About this exercise: Starting at the line containing "13 Overland Avenue, Medowie NSW 2318" and ending at the line containing "Im Haus der", transcribe the listing below exactly. Keep both end lines, skip the pictures, and copy nothing else.

Data supplied:
<<<<

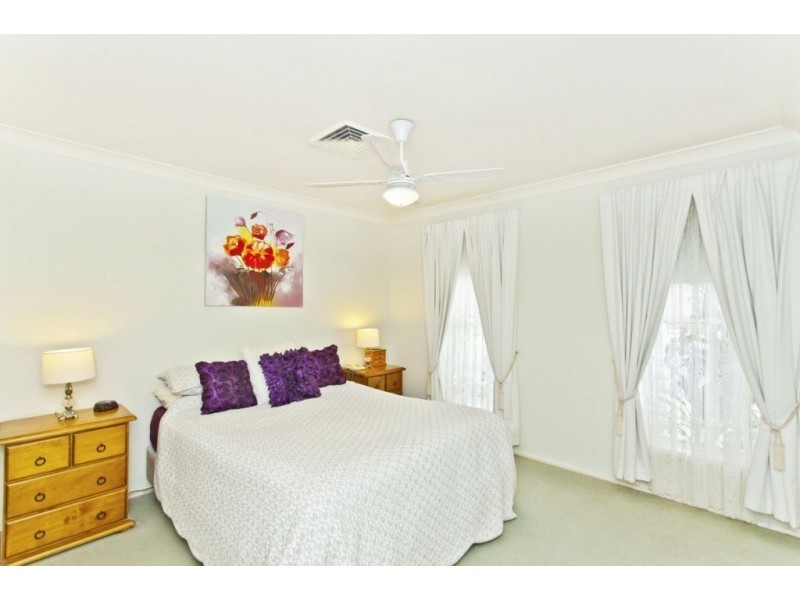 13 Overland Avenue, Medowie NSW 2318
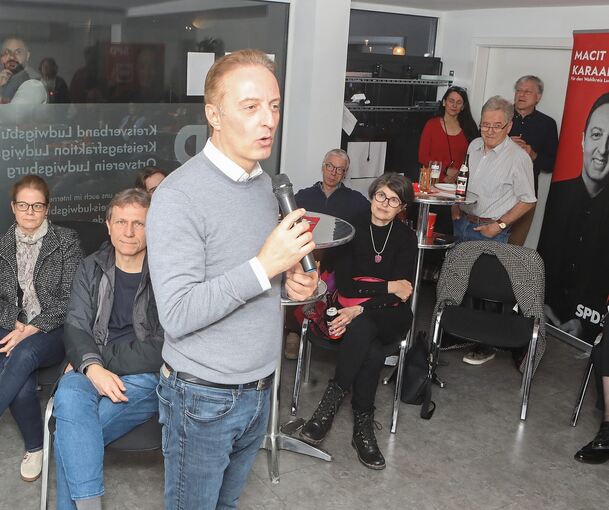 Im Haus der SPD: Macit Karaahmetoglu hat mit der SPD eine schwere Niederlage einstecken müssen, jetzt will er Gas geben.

>>>>
<<<<

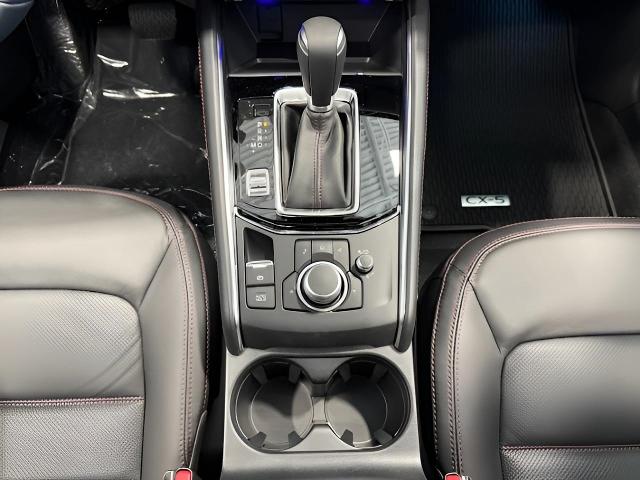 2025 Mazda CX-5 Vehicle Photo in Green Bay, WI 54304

>>>>

Result:
 13 Overland Avenue, Medowie NSW 2318
 Im Haus der SPD: Macit Karaahmetoglu hat mit der SPD eine schwere Niederlage einstecken müssen, jetzt will er Gas geben.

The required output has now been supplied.